Yignyen, a high-ranking monk within the Dalai Lama’s personal monastery, has taught at the Colleges since 1998. He was ordained as a monk and entered Namgyal Monastery in Dharmsala, India in 1969. He completed studies of the monastery, including the monastic rituals and philosophical studies. In 1985, he received the monastery’s highest degree, “Master of Sutra and Tantra” with highest honor, which is equivalent to a Ph.D.

He has constructed sand mandalas in many different venues, including colleges and schools, art museums, Times Square in New York City and at the Smithsonian Folk Life Festival in Washington, D.C. He has also constructed mandalas in Moscow and St. Petersburg in Russia.

Creation of the mandala at the Harley School “began with a ceremony of music and chants,” according to the article. “On Friday, the mandala will be dismantled in another ritualistic ceremony that will emphasize the impermanence of life.” As is customary, the sand will be discarded in water, in this case Allens Creek.

The full article follows.


Democrat and Chronicle
Two monks create sand mandala at Harley School

Ashwin Verghese • Staff writer • March 26, 2009

BRIGHTON – As the Lama Venerable Tenzin Yignyen works on his sand painting in the entranceway of the Harley School, curious students will sometimes stop to watch.

Yignyen, a Tibetan-born Buddhist monk, likes to ask them questions about the meaning of contentment and happiness, and the children in turn have many queries about the image he’s working on.

“They have a lot of questions,” Yignyen said.

Yignyen, a professor of Tibetan Buddhism at Hobart and William Smith Colleges in Geneva, has been designing a multicolored sand mandala – a religious image made with millions of grains of sand – just inside the main doors of the Harley School for almost two weeks.

The mandala, which is 6-feet in diameter, depicts the “Buddha of Infinite Compassion,” an image comprised of various shapes and symbols that is designed to teach love and compassion.

It also shows “how to get rid of hatred, anger (and) jealousy,” Yignyen said. The image, he said, dates back 2,500 years to the Gautama Buddha.

Yignyen, who was ordained by the Dalai Lama, has made smaller mandalas at the school the past two years.

This year, he is being assisted by Tenzin Norbu, another Tibetan-born monk.

The two monks use metal funnels known as chakpurs to move the sand into place.
While the monks have been working, some students have been making their own miniature mandalas.
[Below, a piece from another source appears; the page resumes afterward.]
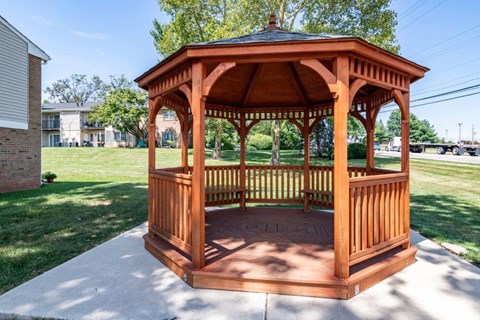 a gazebo with a bench on a sidewalk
Siobhan Holcomb, an art teacher, had her kids use plastic straws to create smaller mandalas in class.

Bob Kane, an English teacher who arranged for the two monks to come to the school, said he hopes the mandala will teach the students about beauty.

Creation of the mandala began last Monday with a ceremony of music and chants.
On Friday, the mandala will be dismantled in another ritualistic ceremony that will emphasize the impermanence of life.

The sand will be given to the audience as a blessing and then will be dropped into Allens Creek so it can flow to all the waters of the world.

“Rather than trying to hold onto the beauty and keep it for oneself,” Kane said, “you appreciate it for what is. It’s OK to let it go.”

Sean Sullivan, 17, is one student who sometimes likes to stop and watch the mandala being made.

“It’s pretty unbelievable,” said Sullivan, of Rochester.

Sullivan, a senior at the school, said he is curious about Buddhism. “I’m kind of looking into it,” he said.